PARIS, 15 mai 2006 (AFP) - Six petites notes de musique et trois lettres qui parlent à l'inconscient collectif : Dim, qui va perdre 404 emplois et son site de Chateau Chinon (Nièvre), a bâti son succès sur le boom du collant et sur la pub vantant une femme libre, drôle et séductrice.


Campagne publicitaire Dim 2006

En 1953 à Troyes (Aube), Bernard Gilberstein crée une petite société de bonneterie qui s'implantera en 1956 à Autun (Saône-et-Loire). En 1958, il décide de fabriquer des bas chics et pas chers et crée la marque "Bas Dimanche".

"Laissez tomber le manche et gardez le dim": le conseil en 1965 de Marcel Bleustein-Blanchet, fondateur de l'agence Publicis, à Bernard Gilberstein va donner naissance à une marque sensible aux évolutions socioculturelles et technologiques.

Dim sera souvent un précurseur: en 1967, les bas ne sont plus vendus dans des pochettes plates mais dans des cubes, une révolution dans le packaging. De plus, le bas est roulé en boule et non repassé, ce sont les "Tels Quels".

En 1968, la minijupe entraîne une autre révolution, celle du collant, synonyme pour les femmes de liberté du corps. Eux aussi sont vendus dans des cubes. Le collant, opaque et en couleur, est devenu un article de mode incontournable.
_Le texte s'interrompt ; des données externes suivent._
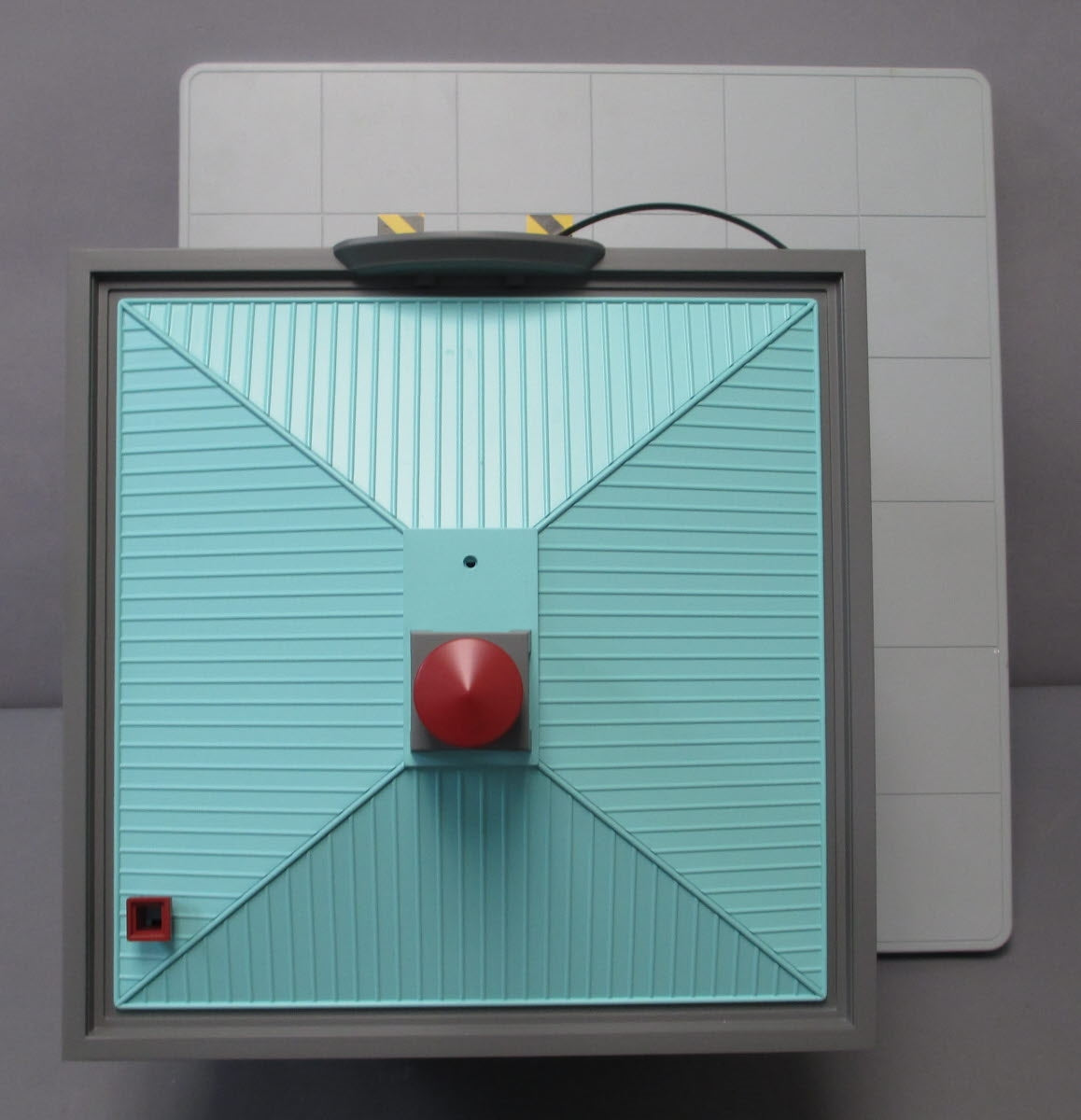 MTH 30-9102 O Gauge Operating Firehouse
La même année, les premières publicités arrivent à la télévision. Dim engage Just Jaeckin, qui n'a pas encore réalisé "Emmanuelle". Des jeunes filles se promènent sur un tandem en chahutant sur la musique de l'émission Dim Dam Dom.
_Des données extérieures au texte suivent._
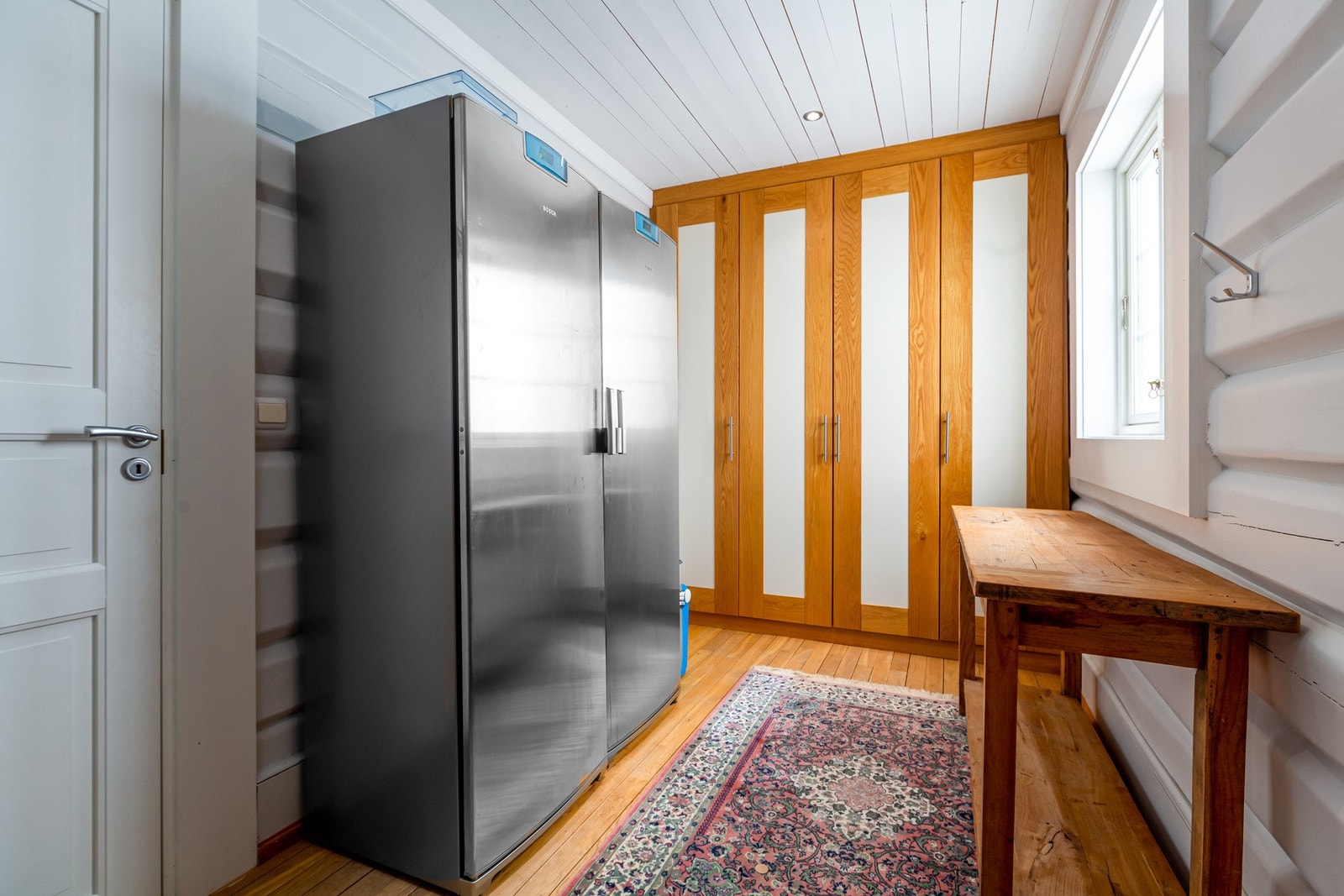 Garderoberom/soverom på hovedplan. Galleribilde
C'est en 1970 qu'apparaît la célèbre musique de Lalo Schiffrin, issue d'un film de série B américain et qui reste associée depuis à la marque: ré, sol, la, si, ré, mi fredonnés sur les onomatopées ta-ta-ta-ta-ta-ta.

La marque se lance dans la lingerie en 1975, avec sa première collection de soutiens-gorge en coton, deux ans après avoir racheté la marque Rosy. La même année, le logo Dim voit le jour, trois lettres simples sur un ruban.

Viendront ensuite les Dim'up, ces bas qui tiennent tous seuls sans jarretelle (1986), la lingerie pour hommes (1987), les collants Diam's en lycra légèrement brillant que Jean-Paul Goude mettra en scène dans une version corrida (1988), puis les tee-shirts et culottes sans couture (1997).

En 1999, Dim innove avec une nouvelle génération de collants, issus de l'alliance entre la technologie et la cosmétique pour amincir, tonifier, hydrater etc...

Depuis 2002, Dim, toujours précurseur et démocratiseur de mode, fait appel à de jeunes créateurs pour sa ligne Beautiful People, comme Isabel Marant, les E2, Vanina Vesperini, Jean-Paul Knott, Paul&Joe etc.